Update README and clean-up the code for SD3 timesteps

2026-04-08 22:35:09 +00:00 · 2024-11-07 21:27:12 +09:00
parent 588ea9e123
commit 5e86323f12
6 changed files with 30 additions and 19 deletions
--- a/library/config_util.py
+++ b/library/config_util.py
@@ -526,7 +526,7 @@ def generate_dataset_group_by_blueprint(dataset_group_blueprint: DatasetGroupBlu
          secondary_separator: {subset.secondary_separator}
          enable_wildcard: {subset.enable_wildcard}
          caption_dropout_rate: {subset.caption_dropout_rate}
-          caption_dropout_every_n_epoches: {subset.caption_dropout_every_n_epochs}
+          caption_dropout_every_n_epochs: {subset.caption_dropout_every_n_epochs}
          caption_tag_dropout_rate: {subset.caption_tag_dropout_rate}
          caption_prefix: {subset.caption_prefix}
          caption_suffix: {subset.caption_suffix}
--- a/library/sd3_models.py
+++ b/library/sd3_models.py
@@ -871,7 +871,7 @@ class MMDiT(nn.Module):
            # remove pos_embed to free up memory up to 0.4 GB
            self.pos_embed = None

-            # remove duplcates and sort latent sizes in ascending order
+            # remove duplicates and sort latent sizes in ascending order
            latent_sizes = list(set(latent_sizes))
            latent_sizes = sorted(latent_sizes)
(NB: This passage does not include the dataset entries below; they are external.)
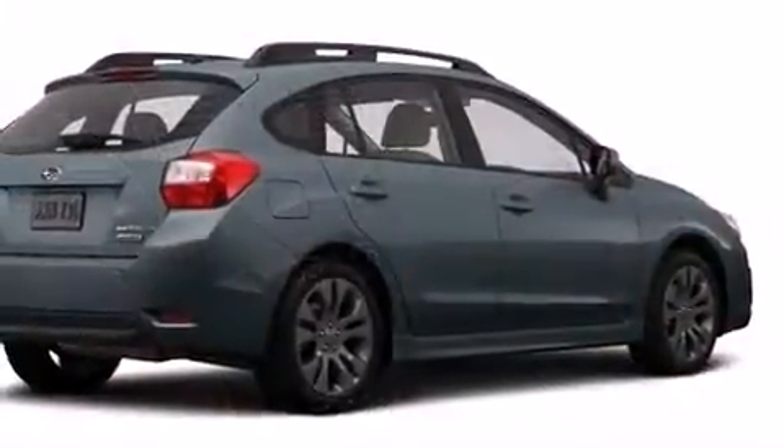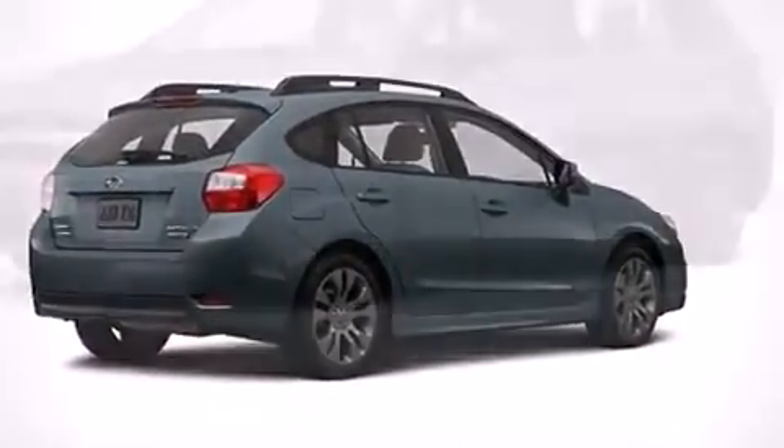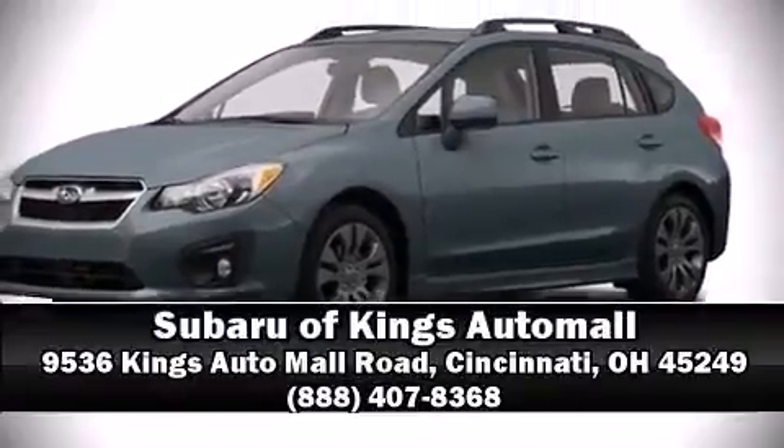Our experienced sales staff is eager to share its knowledge and enthusiasm with you. Come on in and take a test drive.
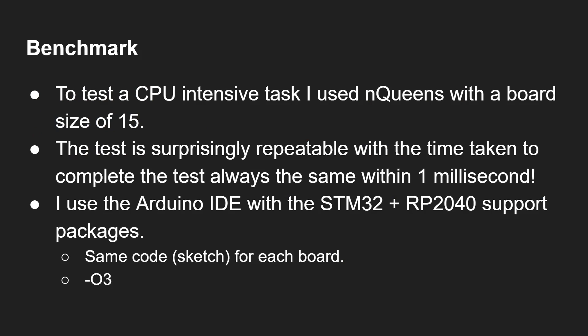To test performance and power efficiency I used the N-Queens chess problem with a board size of 15 — the algorithm is freely available online in C, so I could drop it straight into Arduino. The test is very repeatable, always giving the same results within one millisecond. I used the Arduino IDE with the STM32 support package, also added the RP2040 package to compare against the Raspberry Pi Pico, with the same code across all boards and -O3 compiler flags.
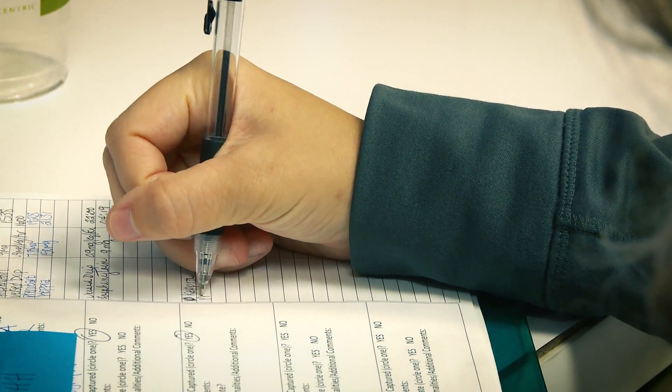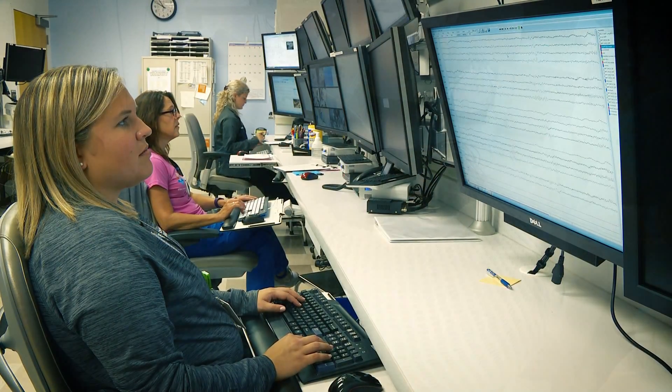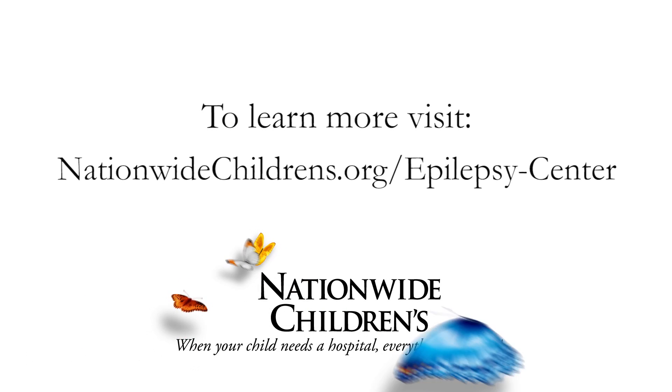They do mapping and it tells them where the seizure is coming from, so these kids can eventually end up seizure-free. Everybody works together for a common cause to make sure everybody's taken care of.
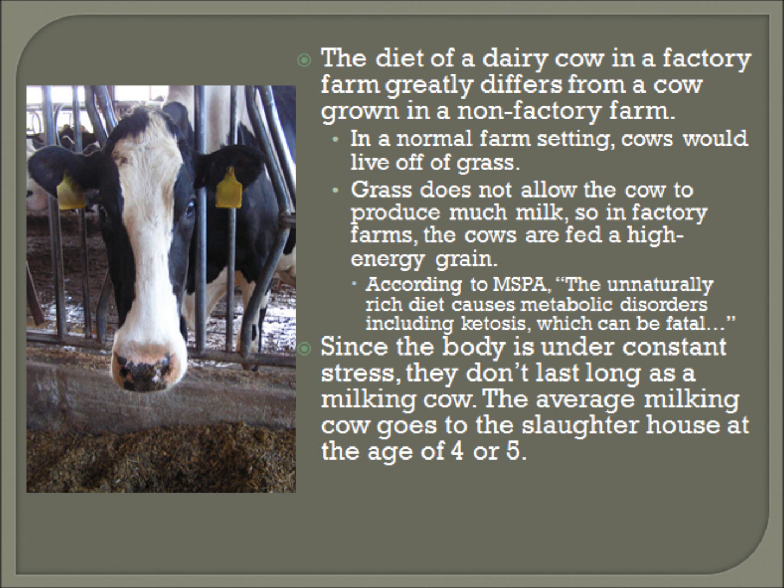The constant stress of milking and birthing adds a great amount of stress to a factory farm cow, which makes their bodies become weak quickly. Factory farms don't like to keep weak animals, so once an animal's body slows down, they are sent to the slaughterhouse. The average cow living in a factory farm setting lives to be about 4 or 5 years old.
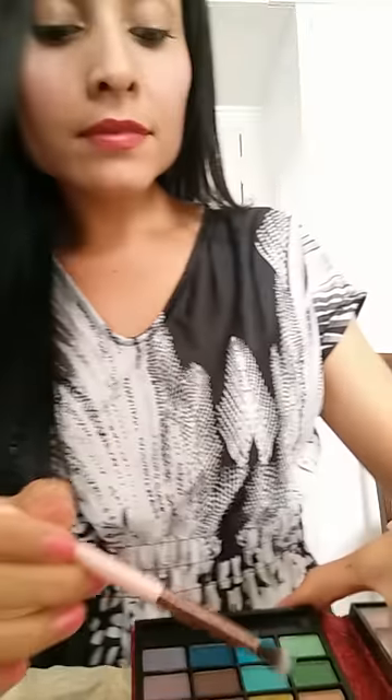Just close this eye. Okay, looks pretty nice. Let's see. Just gonna add a little bit of the white right here. Okay, looks really nice.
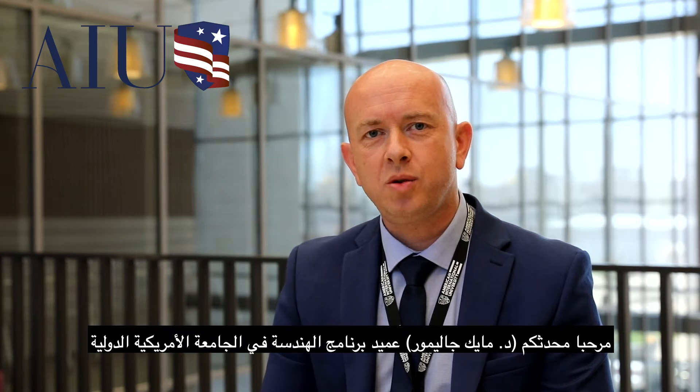Hello there, my name is Dr. Mike Gallimore. I'm the Dean of Engineering and Computing here at ARU. It's my great pleasure to talk to you today about our Biomedical Engineering programme.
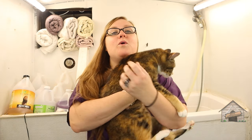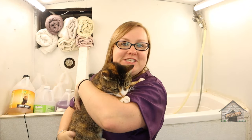Hey guys, it's Cassie from Gone Grooming, and today we're going to do something a little bit different than dog grooming — we're going to clip cat nails. Keep watching!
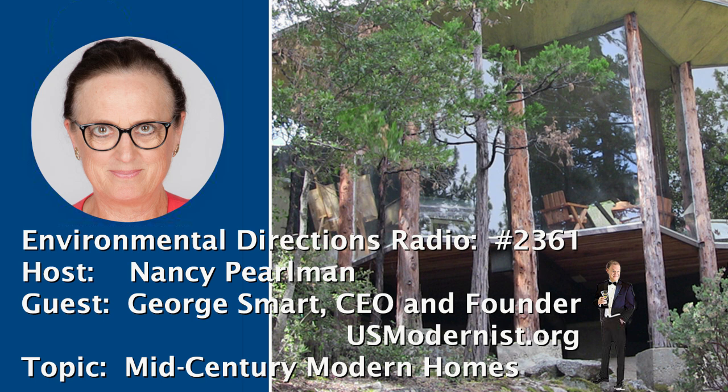Educational Communications and this station present Environmental Directions with Nancy Perlman. On this series, we explore the effects of human influence on the Earth's ecosystems and discuss solutions to environmental problems which affect the quality of life on this planet. Environmental Directions gives you the kind of information you need to help you participate in decisions impacting your community, the nation, and the world. Now, here's your host, Nancy Perlman.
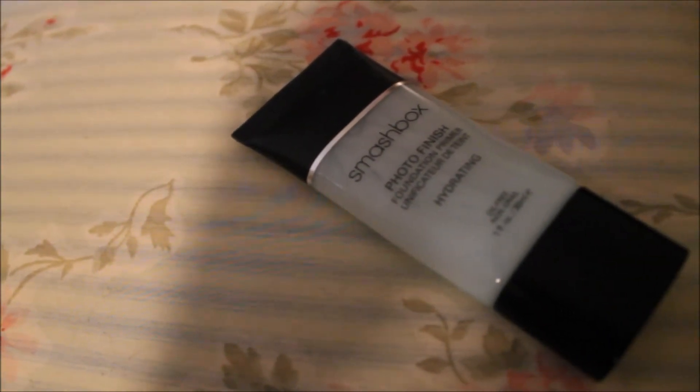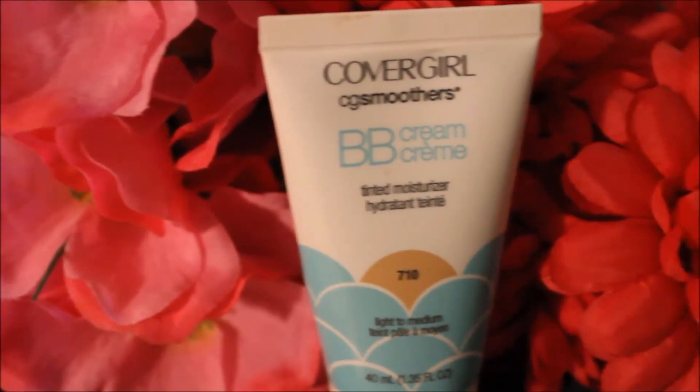Starting off with the face, I'm going to be applying my Smashbox Photo Finish Hydrating Primer and then blending it in, especially around my nose because it gets very red, and this will ensure that my foundation or BB cream lasts all day. Then taking my Covergirl BB cream, I'm going to be applying this all over my face and then blending it in with my fingers because I find that this is the best tool to blend BB cream in with.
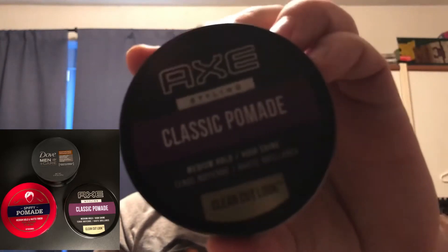The Axe Classic has a nice hold, doesn't flake, and doesn't have too strong of a hold, but it does hold all day. The scent isn't too strong — not like their other products, just a fresh barbershop scent. It's good for styling, medium hold, high shine. You can see that there. I got this as a gift; I don't know if I'd buy Axe pomade, but overall it's a very basic, cheap pomade you can find everywhere — grocery stores, drug stores.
--- a/library/sd3_train_utils.py
+++ b/library/sd3_train_utils.py
@@ -253,7 +253,7 @@ def add_sd3_training_arguments(parser: argparse.ArgumentParser):
        " / 複数解像度学習時に解像度ごとに位置埋め込みをスケーリングする。SD3.5M以外では予期しない動作になります",
    )

-    # Dependencies of Diffusers noise sampler has been removed for clearity.
+    # Dependencies of Diffusers noise sampler has been removed for clarity.
    parser.add_argument(
        "--weighting_scheme",
        type=str,
@@ -285,7 +285,8 @@ def add_sd3_training_arguments(parser: argparse.ArgumentParser):
        default=1.0,
        help="Discrete flow shift for training timestep distribution adjustment, applied in addition to the weighting scheme, default is 1.0. /タイムステップ分布のための離散フローシフト、重み付けスキームの上に適用される、デフォルトは1.0。",
    )
-    
+
+
 def verify_sdxl_training_args(args: argparse.Namespace, supportTextEncoderCaching: bool = True):
    assert not args.v2, "v2 cannot be enabled in SDXL training / SDXL学習ではv2を有効にすることはできません"
    if args.v_parameterization:
@@ -956,9 +957,10 @@ def compute_loss_weighting_for_sd3(weighting_scheme: str, sigmas=None):
    return weighting


-def get_noisy_model_input_and_timesteps(
-    args, noise_scheduler, latents, noise, device, dtype
-) -> Tuple[torch.Tensor, torch.Tensor, torch.Tensor]:
+# endregion
+
+
+def get_noisy_model_input_and_timesteps(args, latents, noise, device, dtype) -> Tuple[torch.Tensor, torch.Tensor, torch.Tensor]:
    bsz = latents.shape[0]

    # Sample a random timestep for each image
@@ -977,13 +979,12 @@ def get_noisy_model_input_and_timesteps(
    # weighting shift, value >1 will shift distribution to noisy side (focus more on overall structure), value <1 will shift towards less-noisy side (focus more on details)
    u = (u * shift) / (1 + (shift - 1) * u)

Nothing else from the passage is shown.